Task goal: Would you repeat the listing below verbatim and drop the images?

----- Records to use -----

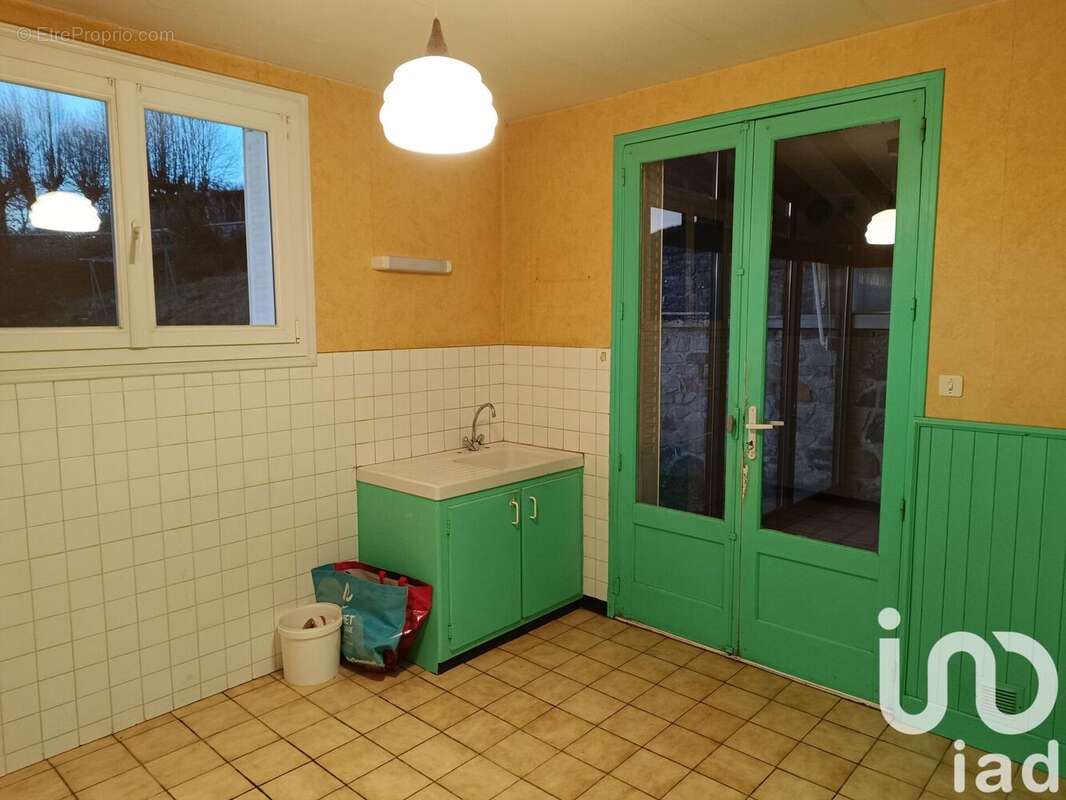 Photo 8 - Maison à MARMANHAC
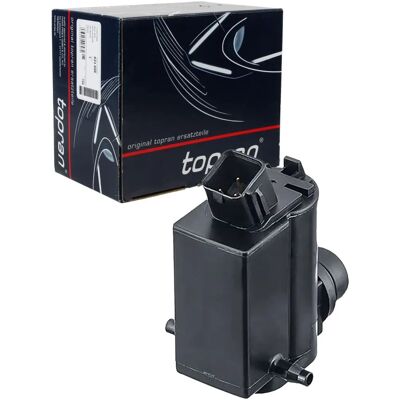 Topran Hyundai Kia Vindusvaskepumpe - Dobbelt 12V Topran Hyundai Kia Vindusvaskepumpe - Dobbelt 12V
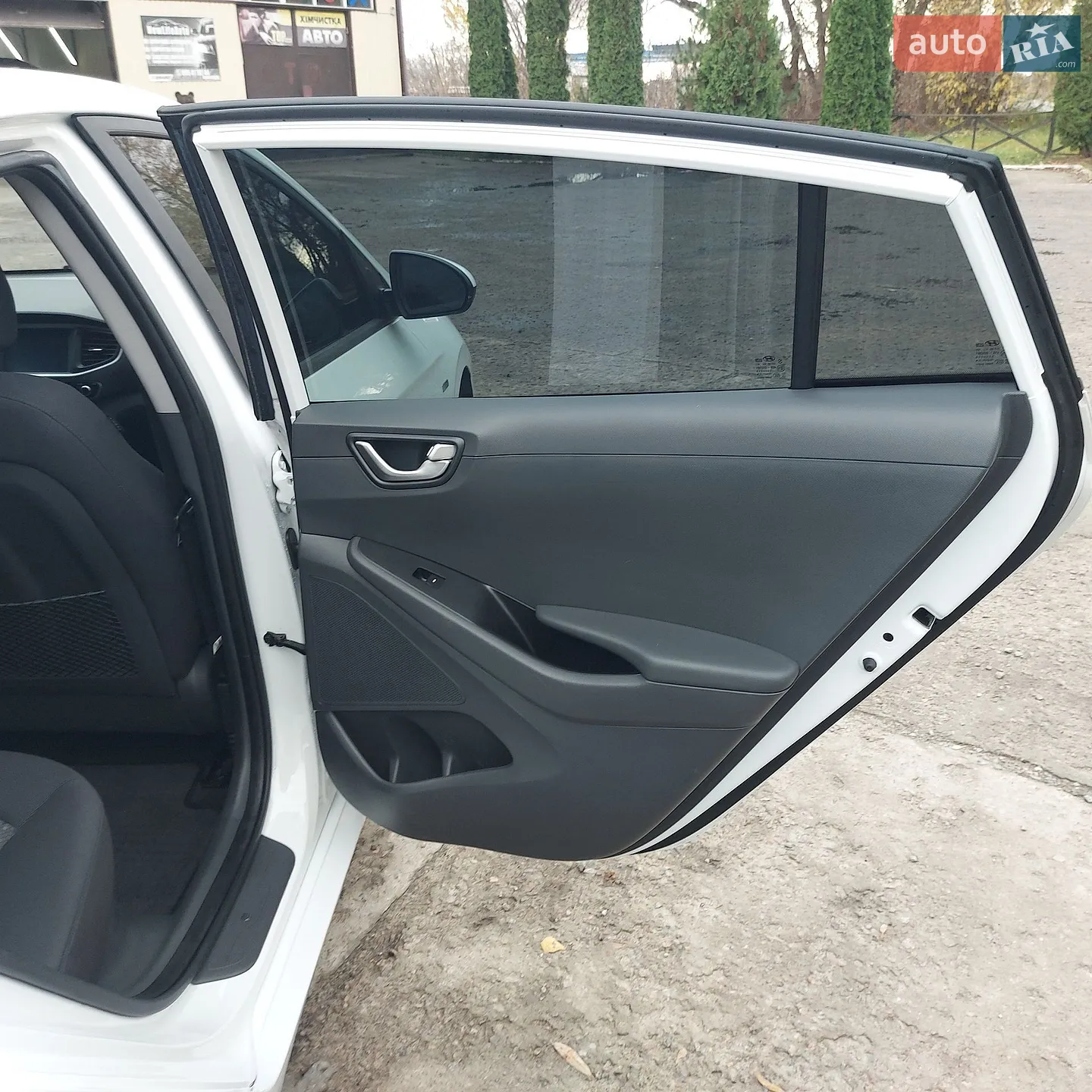 2018 Hyundai IONIQ - мініатюра 15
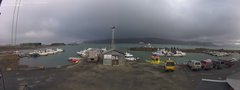 view from Totakteren on 2025-07-30
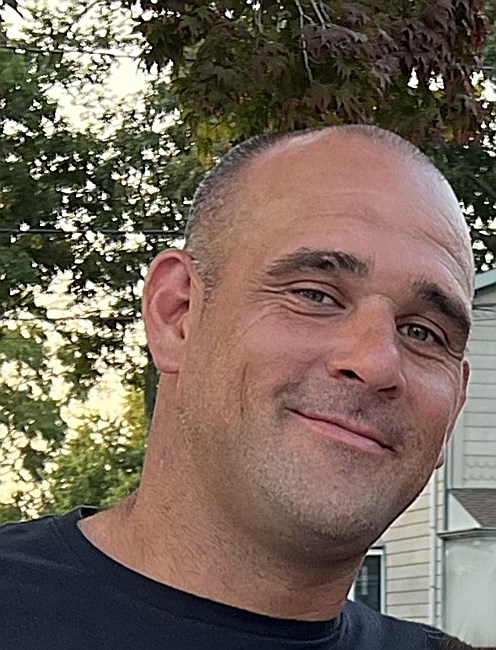 Avis de décès de Michael T. McGrorty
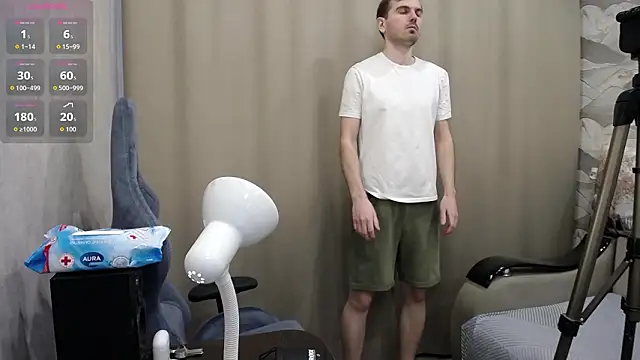 SerzhKorol1 online show from March 2026 08:18:02 AM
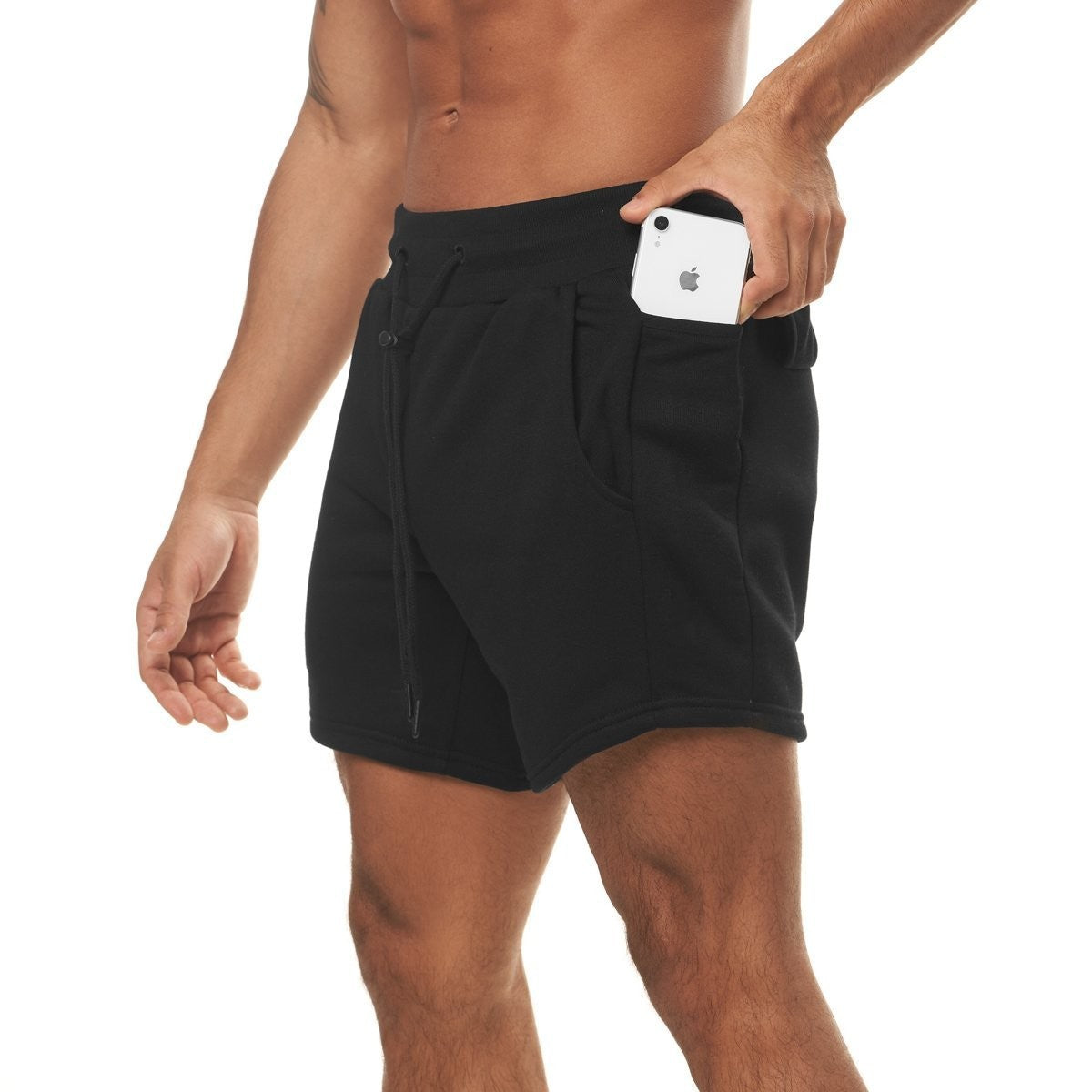 Brendan – Fünf-Punkte-Hosen für Outdoor-Läufe und Fitness-Training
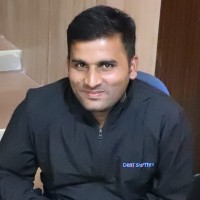 Ganesh M Email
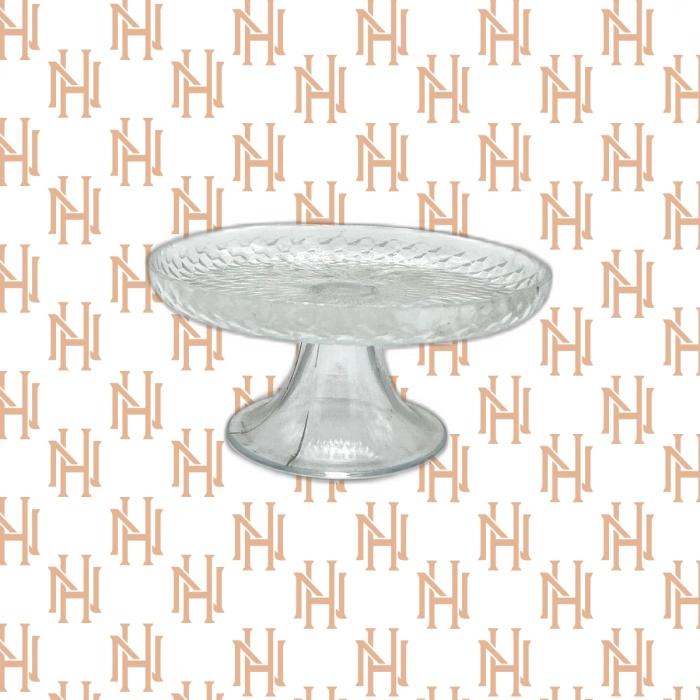 12390-12391 AYAKLI MİNİ SUNUMLUK*8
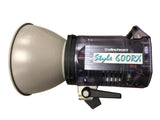 Elinchrom style 600 RX Light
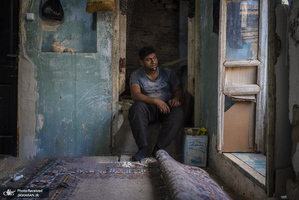 منتخب تصاویر امروز جهان- 7 مهر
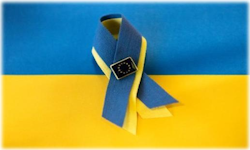 Solidariedade da UE para com a Ucrânia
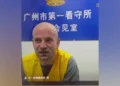 VIDEO/ Shfaqet për herë të parë Klaudio Kanani, shqiptari që i shpëtoi ekzekutimit në Kinë, ja dënimi që mori në Apel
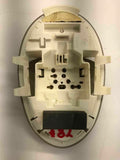 2001 - 2005 SATURN L SERIES Interior Ceiling Light Lamp OEM Q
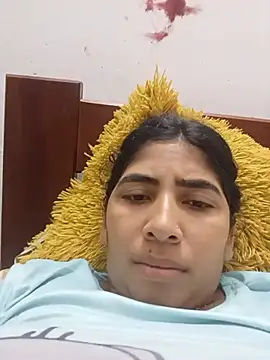 samanta-cutee online show from June 3, 2026, 5:43 am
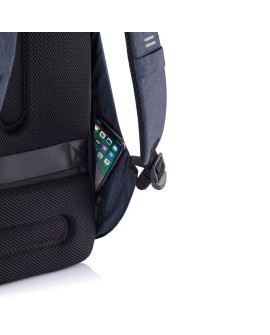 XD DESIGN PLECAK ANTYKRADZIEŻOWY BOBBY HERO XL GRANATOWY P/N: P705.715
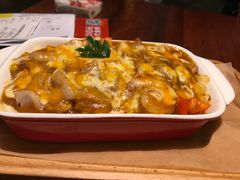 -卡朋厨房(289艺术园区店)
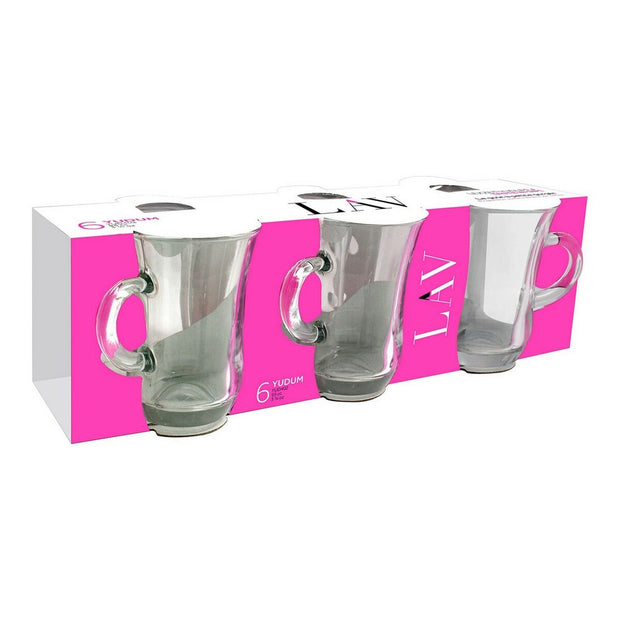 Gläserset LAV Yudum 105 ml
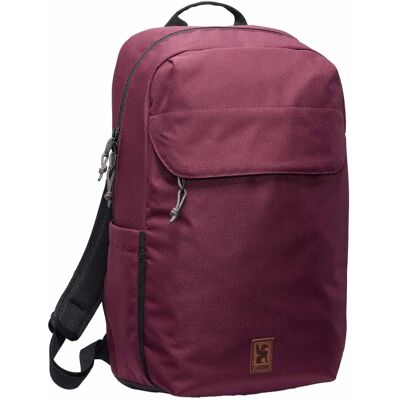 Chrome Barrage 18L - Zaino Ruckas - Rosso - Zaino leggero Chrome Barrage 18L - Zaino Ruckas - Rosso - Zaino leggero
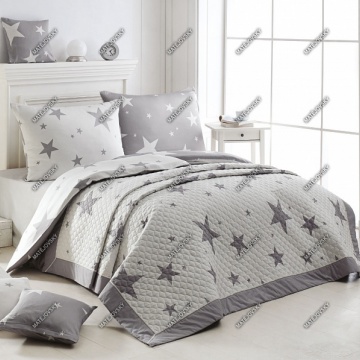 Přehoz New star Grey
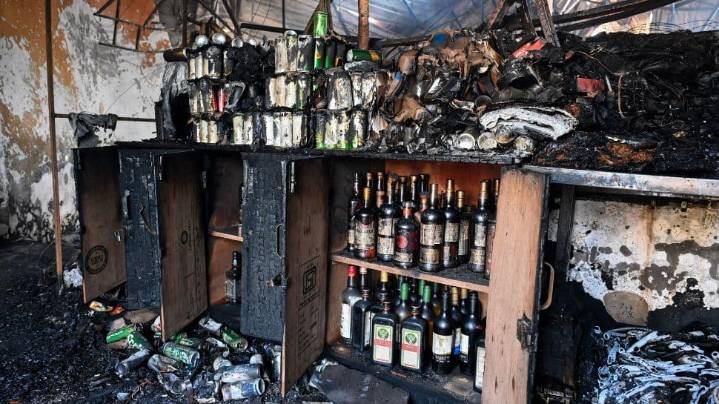 Delhi Court Denies Interim Relief To Owners Of Goa Nightclub Linked To Fire Tragedy
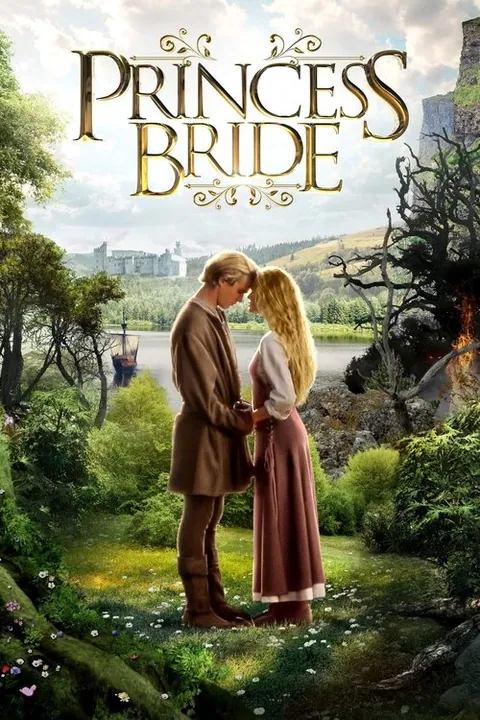 Princess Bride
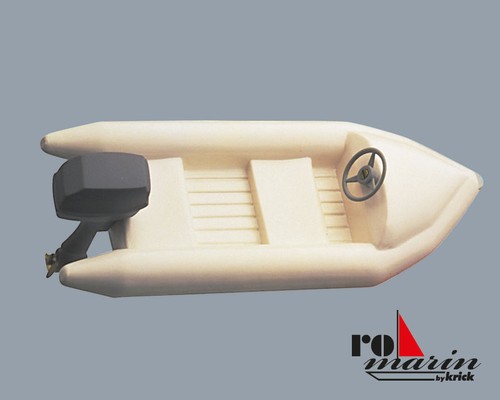 Krick romarin schlauchboot mit - krick,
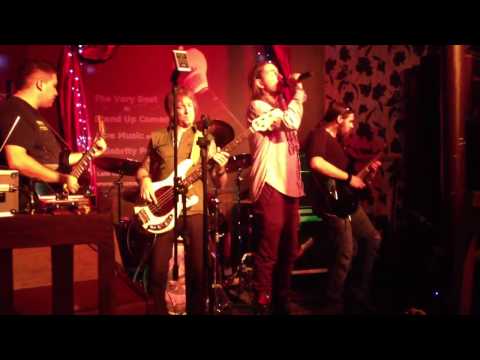 Strange Fashion at the Hob Goblin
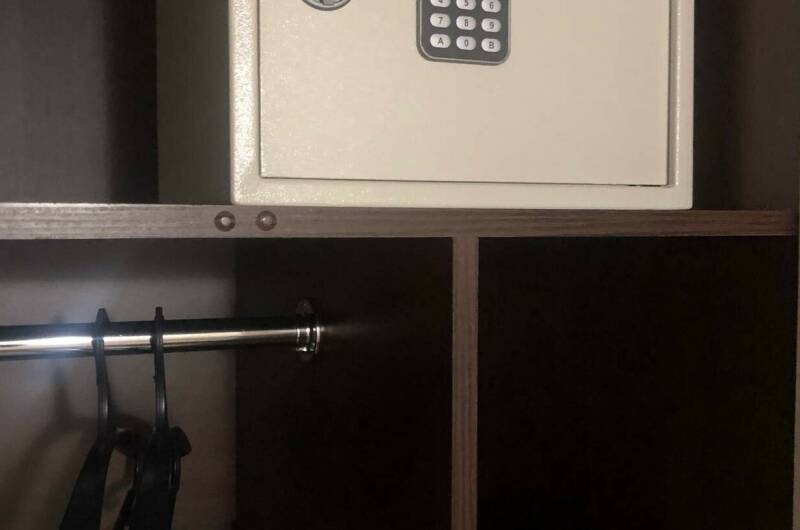 Гостевой дом «Остров&#039;Ок»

-----

Your response:
 Photo 8 - Maison à MARMANHAC
 Topran Hyundai Kia Vindusvaskepumpe - Dobbelt 12V Topran Hyundai Kia Vindusvaskepumpe - Dobbelt 12V
 2018 Hyundai IONIQ - мініатюра 15
 view from Totakteren on 2025-07-30
 Avis de décès de Michael T. McGrorty
 SerzhKorol1 online show from March 2026 08:18:02 AM
 Brendan – Fünf-Punkte-Hosen für Outdoor-Läufe und Fitness-Training
 Ganesh M Email
 12390-12391 AYAKLI MİNİ SUNUMLUK*8
 Elinchrom style 600 RX Light
 منتخب تصاویر امروز جهان- 7 مهر
 Solidariedade da UE para com a Ucrânia
 VIDEO/ Shfaqet për herë të parë Klaudio Kanani, shqiptari që i shpëtoi ekzekutimit në Kinë, ja dënimi që mori në Apel
 2001 - 2005 SATURN L SERIES Interior Ceiling Light Lamp OEM Q
 samanta-cutee online show from June 3, 2026, 5:43 am
 XD DESIGN PLECAK ANTYKRADZIEŻOWY BOBBY HERO XL GRANATOWY P/N: P705.715
 -卡朋厨房(289艺术园区店)
 Gläserset LAV Yudum 105 ml
 Chrome Barrage 18L - Zaino Ruckas - Rosso - Zaino leggero Chrome Barrage 18L - Zaino Ruckas - Rosso - Zaino leggero
 Přehoz New star Grey
 Delhi Court Denies Interim Relief To Owners Of Goa Nightclub Linked To Fire Tragedy
 Princess Bride
 Krick romarin schlauchboot mit - krick,
 Strange Fashion at the Hob Goblin
 Гостевой дом «Остров&#039;Ок»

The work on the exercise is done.